Transcript
A (0:00)
ChatGPT has introduced shopping research. According to a ChatGPT blog post, the new experience does the research for you to help find the right products. Instead of sifting through dozens of sites, you can just describe what you're looking for. For example, you can say find the quietest cordless stick vacuum for a small apartment or something like I need a gift for my 4 year old niece who loves art. And shopping research builds a thoughtful guide to help you decide. Sounds just like it was written by the company that did it. And how bullish are you on doing your shopping research via ChatG?
B (0:33)
I'm, I'm incredibly bullish. I don't know that I would say specifically Chat GPT. I think I would look more to Gemini, you know, the, the war between those twos. San Sam Altman or introduced his code Red yesterday because he's really wanting the team to get focused on less cash burn and staying competitive against Google. I, I think that this is giving us an opportunity to shop for things in ways that we wouldn't have before. So are we using this for. Yes, you're going to use it for the big purchases. But I also think that as more consumers care about the types of ingredients in their products, they care about where these products are sourced from and again, number one, they care about price and availability. I, we've never had this, this visibility before in a platform. So I do think we could start to see people say like I'm looking for a better for you snack for my kids and these are the options. What are those things? What are the ingredients? List this out on a table for me because I think people are going to start using this tool as a way to even shop for things like essentials for groceries, for personal items.
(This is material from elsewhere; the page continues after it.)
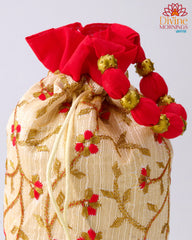 Embroidered Blossom Potli Bag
So I do think that what ChatGPT has done here, what Gemini did with their latest, their third 3.0 release, I do think that this is going to provide greater value to how people are starting to shop for things, how they're doing price comparisons and how they get the exact product that they want because it's so simple and easy. But I know I'm very bullish on it. Where do you come down on this, Chris? Are you, are you positive towards this? I know you, you've been in the past, you've been pushing towards more on the retailer's website. So how do you, how do you land on this?
A (2:20)
Yeah, I mean overall I think it makes, it's a smart move by ChatGPT. 100%. I think that makes sense. But, but again, I'm slowing My role on the importance of it overall. Because to me, like I'm wondering, the big question I have is how many product searches are actually as research intensive as you're describing. I don't think it's that many. Otherwise Amazon wouldn't have the hold on first product searches that it has. And in fact, to prove this point, I queried Claude competitor LLM platform on the number of searches that are actually transactional. And you know what the answer is? And the number of searches that are actually actually transactional is 70%. Only 30% on what site? On 30% across the industry. Across the industry. 30% are research based. So that tells me that, you know, how many people are really going to be doing this exhaustive research that, you know, we all glom on to like, I mean I can even remember, I think we even had this conversation like when, when Walmart debuted their, their, their, their Sparky engine and they were like, you seem like I'm playing the super bowl party. It's like, yeah, okay fine, you can use that use case, but how many use cases are there really? Like that. And so that's the question I have. So net net again, I'd be slowing down, slowing down if I'm an organization deciding where I'm placing my bets, being very thoughtful about which Pandora's boxes I want to be opening based on all these announcements that are coming out of ChatGPT and Google and everyone else. Fair.